The iconic St. Tydfil Bridge forms the centrepiece of a £24M regeneration scheme in the South Wales town of Merthyr Tydfil.

Spanning the River Taff and connecting a recently redeveloped college with the town centre, the St. Tydfil Bridge forms an important element of Merthyr Tydfil’s regeneration programme. Funded by the European Regional Development Fund and Welsh Government, the regeneration masterplan encompasses a number of town centre enhancements with the new road bridge helping to make the riverside area an attractive destination. The Council wanted something that would be a feature and not simply a typical highway bridge structure.
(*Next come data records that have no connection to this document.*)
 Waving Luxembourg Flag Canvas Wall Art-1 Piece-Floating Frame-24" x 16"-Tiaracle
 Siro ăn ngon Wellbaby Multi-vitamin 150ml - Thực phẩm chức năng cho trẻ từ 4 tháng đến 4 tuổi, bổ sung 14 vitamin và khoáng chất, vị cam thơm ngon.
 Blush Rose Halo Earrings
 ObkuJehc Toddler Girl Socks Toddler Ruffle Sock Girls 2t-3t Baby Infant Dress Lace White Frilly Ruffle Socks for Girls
A number of design options went out to consultation with the local planning and highways authorities, together with other stakeholders, and the favoured design was for a bridge with an iconic 136t skewed arch. Measuring 40.9m across its base and reaching a height of 18.5m, the arch was fabricated from 60mm thick plate. Connecting the arch to the bridge deck are a total of 14 × 80mm diameter hangers ranging in length from 4.7m to 22.5m. One of the project’s main technical challenges revolved around the hangers and the associated cable tensioning.
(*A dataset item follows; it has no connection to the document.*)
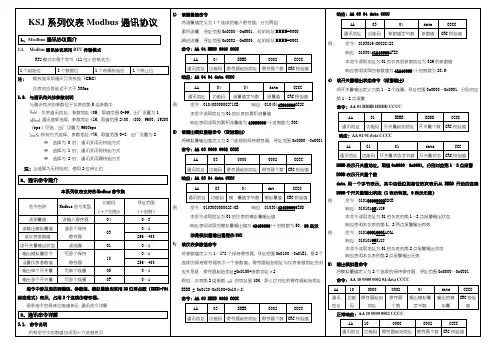 KSJ系列仪表Modbus通讯协议_A3V110527(1)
The appearance of the bridge was critical to the overall design and so it was decided that each hanger fin plate would be designed with the same geometry, but with varying orientation to suit the aesthetic alignment of the hangers.

For the site erection programme, the 29m long x 19.8m wide deck was the first steelwork to be installed. It is formed with a ladder configuration with two main 900mm deep × 600m wide outer girders, each 29m-long, connected by a series of nine crossbeams. Once the beams were erected the cantilevers were then bolted on providing support for the parapets as well as having the deck connection for the hangers. The next step was to fully assemble the arch and then lift the complete structure into position.

This eliminated working at height as well as having environmental benefits as no trestles were installed into the fast flowing river. Working in this way also reduced the construction programme as steelwork fabrication was carried out off site while the substructure was constructed on site.

Using a single 550t capacity mobile crane positioned on one of the riverbanks, the entire arch was lifted into a vertical position, slewed over the river to its final position where it was fixed to the abutments a procedure taking eight hours.